OK, so then why during the week of March 18 – the very worst of the worst of GFC2 – why was that the week when not-QE stopped buying Tbills?




More telling than that, beginning the very next week, March 25, the Fed bought a pittance more in bills and the level of them in SOMA has been absolutely constant ever since. Put another way, at the height of the crisis, when OTR collateral was so obviously missing that even the Fed had to notice, that’s when Powell took his SOMA hands off the best of the best collateral. Mere coincidence?

Over the year plus since that point, the FOMC has authorized an orgy of bond buying which curiously has been limited to notes and bonds (mostly OFR stuff). No more bills (just reinvestments) even though especially in those early months it had been bills which Treasury auctioned off most to finance first the massive fiscal expansion under the CARES Act.

It’s more than a little weird; the SOMA stats are damning.

What that means is, going back to the beginning, the Fed isn’t monetizing LT UST’s as a means to keep LT Treasury rates down, they’re buying huge(r) numbers of notes and bonds in one part so as to avoid stripping the system of any bills!

Treasury initially sold something like $2 trillion in addition ST paper, and Powell didn’t go anywhere near it.

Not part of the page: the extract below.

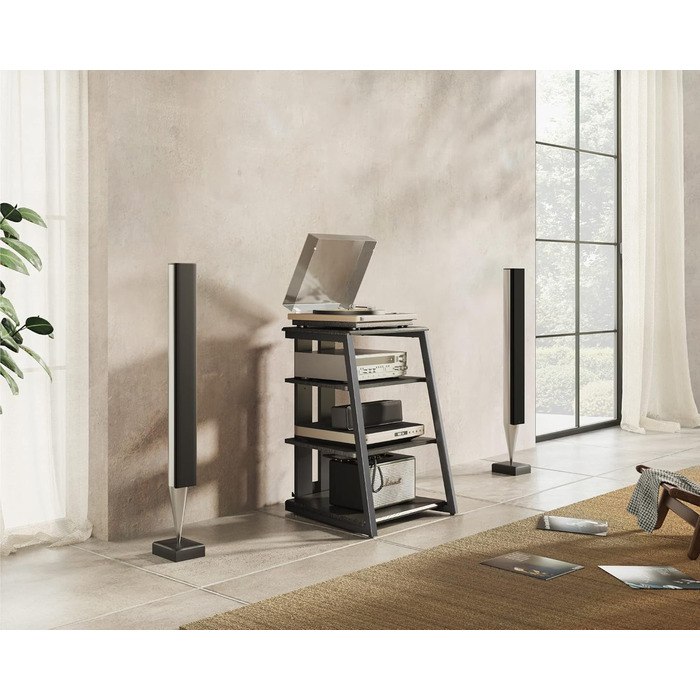 Стійка FITUEYES HiFi Wood & Steel, Поворотний стіл з регульованими полицями, 652x78 см Чорний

Even more critical, how is this not anything other than an implicit, tacit admission of exactly what I had warned about in October 2019? Trillions of OFR notes and bonds scarfed up in the thirteen months since the depths of the crisis, and not a single additional bill (again, apart from reinvestments). In so obviously staying away from them, these officials are essentially confessing to the biggest monetary crime of collateral

All the while bill yields continue to drop.

YCC. Debt monetizing. Money Printing. Inflation. Nope.

Collateral.

These facts, these objective numbers, they merely corroborate with 58 additional weeks what I wrote early last April in the immediate aftermath:

The FOMC minutes just described a situation that was so bad, collateral-wise, financial participants (which we know were largely foreign official entities) were forced to sell whatever they could, including UST’s, choosing only those which were OFR. At the same time, everyone had to pile into the OTR stuff, including all the bills, because that’s all that was left as acceptable. A true funnel or bottleneck.

When even OFR UST’s are no longer as acceptable in repo, and the collateral system begins to break down along OTR and OFR lines within the UST side of that market, when the functioning collateral list gets pared down to just OTR UST’s and nothing else (I’m overstating this, but not that much), it should go without saying that this would be an enormously bad situation.

In the media, and in his own publications, speeches, and press releases, Jay Powell’s Fed was the hero. And you have to believe this in order to get to the inflationary nirvana as told universally across the mainstream. No sir, even the Fed’s own SOMA turns against him and turns him in on that front. Bills not in SOMA first debunk, and then silently speak of the deflationary consequences of non-money monetary policy.